## Instructions for the task
Set down the data again word for word. Skip any pictures.

(Short text fragments from websites)
┄┄┄┄┄┄┄┄┄┄┄┄┄┄┄┄┄┄┄┄

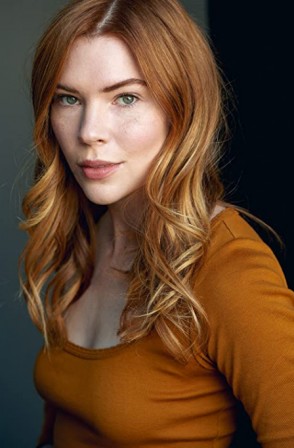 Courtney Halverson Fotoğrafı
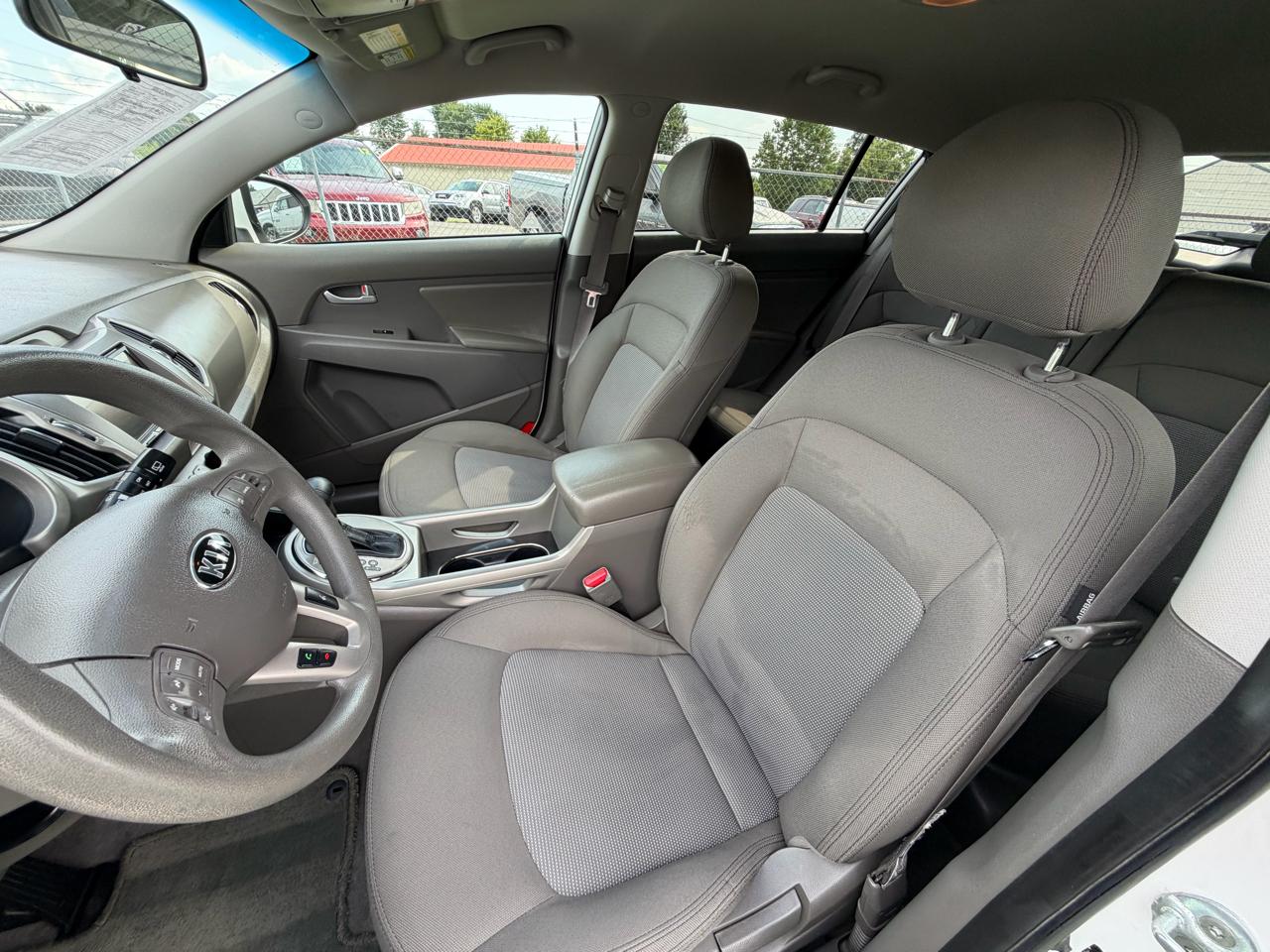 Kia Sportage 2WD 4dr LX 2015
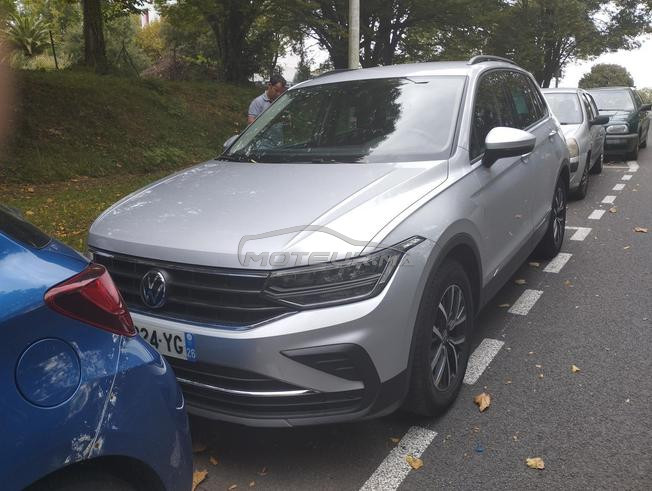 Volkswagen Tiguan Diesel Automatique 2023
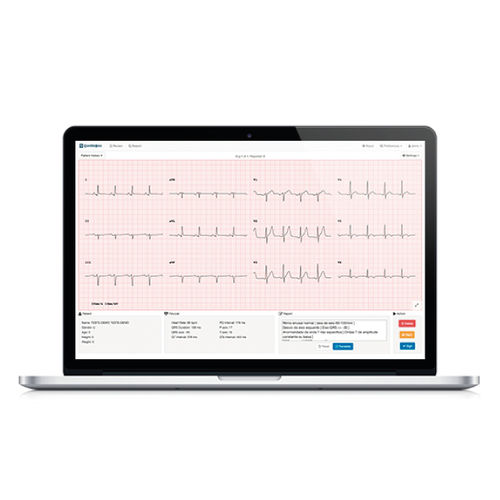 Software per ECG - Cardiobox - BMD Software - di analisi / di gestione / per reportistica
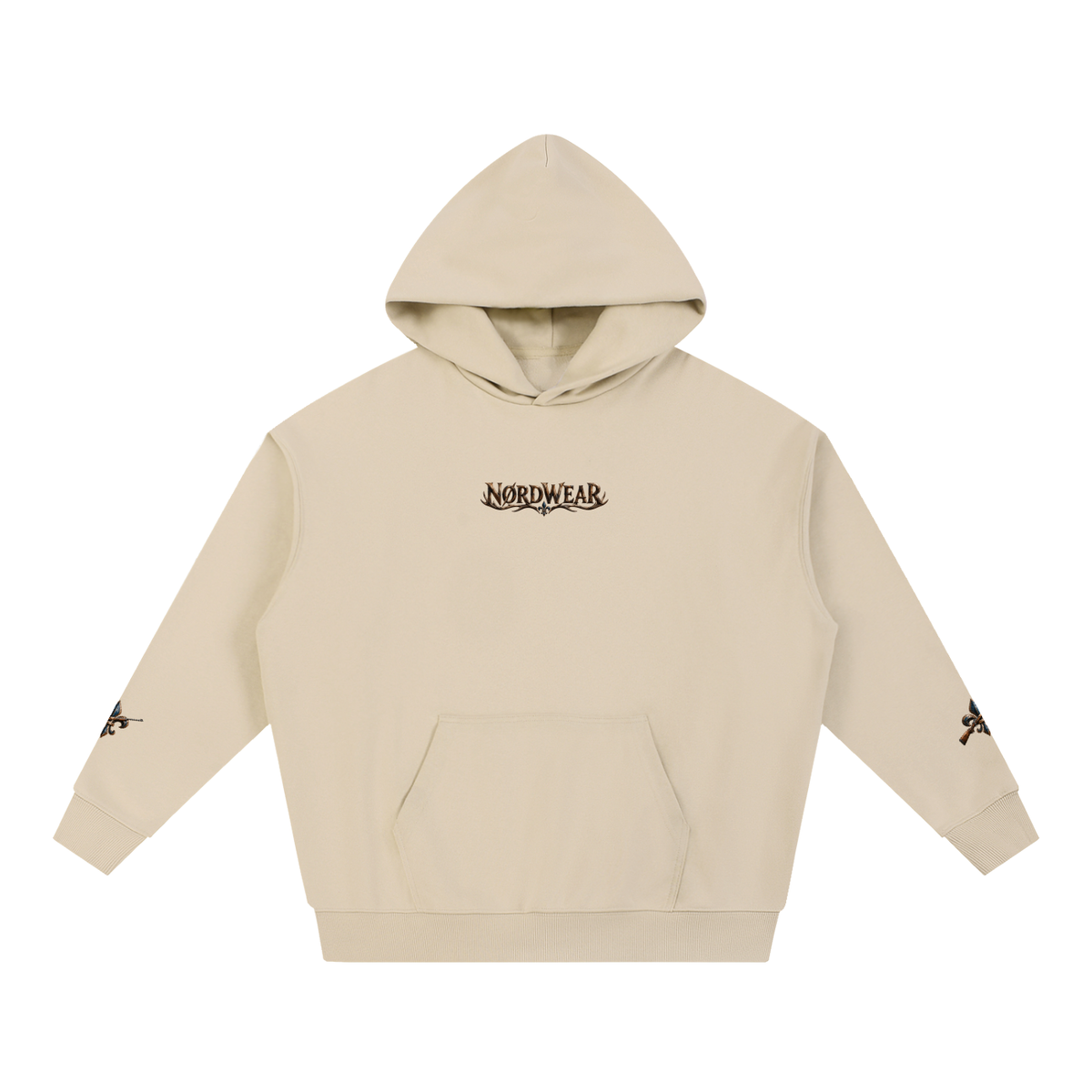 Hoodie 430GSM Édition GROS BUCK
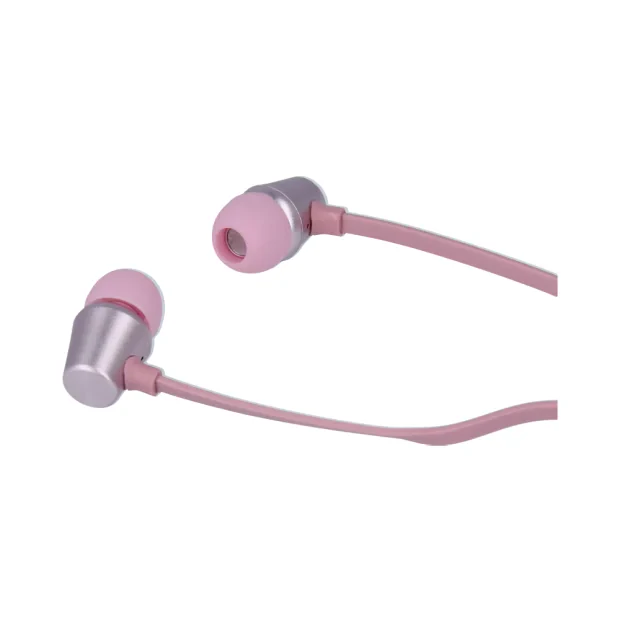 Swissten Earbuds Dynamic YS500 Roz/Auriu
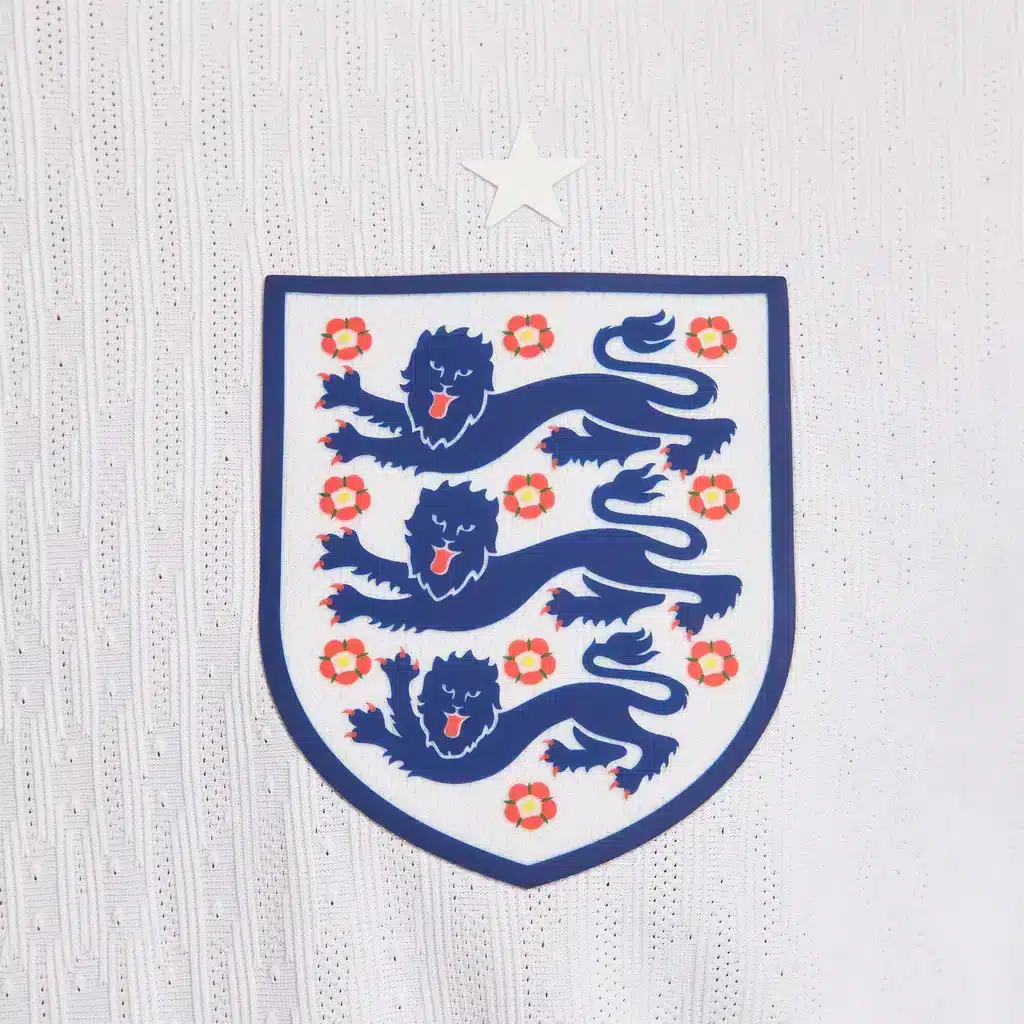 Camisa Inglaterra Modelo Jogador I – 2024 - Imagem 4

┄┄┄┄┄┄┄┄┄┄┄┄┄┄┄┄┄┄┄┄

## Output of the task
 Courtney Halverson Fotoğrafı
 Kia Sportage 2WD 4dr LX 2015
 Volkswagen Tiguan Diesel Automatique 2023
 Software per ECG - Cardiobox - BMD Software - di analisi / di gestione / per reportistica
 Hoodie 430GSM Édition GROS BUCK
 Swissten Earbuds Dynamic YS500 Roz/Auriu
 Camisa Inglaterra Modelo Jogador I – 2024 - Imagem 4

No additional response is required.